Monday, March 2, 2009

The Rape of the Sabine Women




The story of the rape of the Sabine women is an ancient one. Like many founding myths of nations, it involves sexual violence. Romulus, one of the legendary founders of Rome, led a group of womanless men, a state without a nation, doomed to extinction. Neighboring tribes, including the Sabines, refused to intermarry with this band of interlopers, so the Romans invited them to a celebration. In the midst of the festivities, Romulus gave a signal by raising his cloak, and, acting in concert, the Roman warriors seized the Sabine women and abducted them, one for each, to serve as their wives.

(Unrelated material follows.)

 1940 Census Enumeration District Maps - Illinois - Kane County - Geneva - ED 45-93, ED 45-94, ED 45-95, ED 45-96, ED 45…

But Romulus and his brother Remus are perhaps more famous for the story of their own foundling origins. According to the legend, they were suckled by a she-wolf. The wolf makes several appearances in The Rape of the Sabine Women (2006), a film by Eve Sussman & The Rufus Corporation. In early moments, the wolf lounges in the Pergamon Museum’s courtyard; later she sidles through the museum and appears in the aftermath of the story. With the wolf and the story of Rome’s origins in mind, one might notice that the Pergamon courtyard resembles the Capitoline hill in Rome. Imposing classical facades constitute three sides of a square, with the fourth opening onto a descending staircase. The Capitoline—legendary original seat of government—displays in its courtyard a reproduction of the famous bronze statue of the wolf suckling the two boys.

Like the Capitoline museums, the Pergamon Museum houses antiquities, but in the German case, they are conquered antiquities, at least symbolically so, suggesting northern cultural supremacy—the museums of northern Europe as secure repositories for Mediterranean artifacts.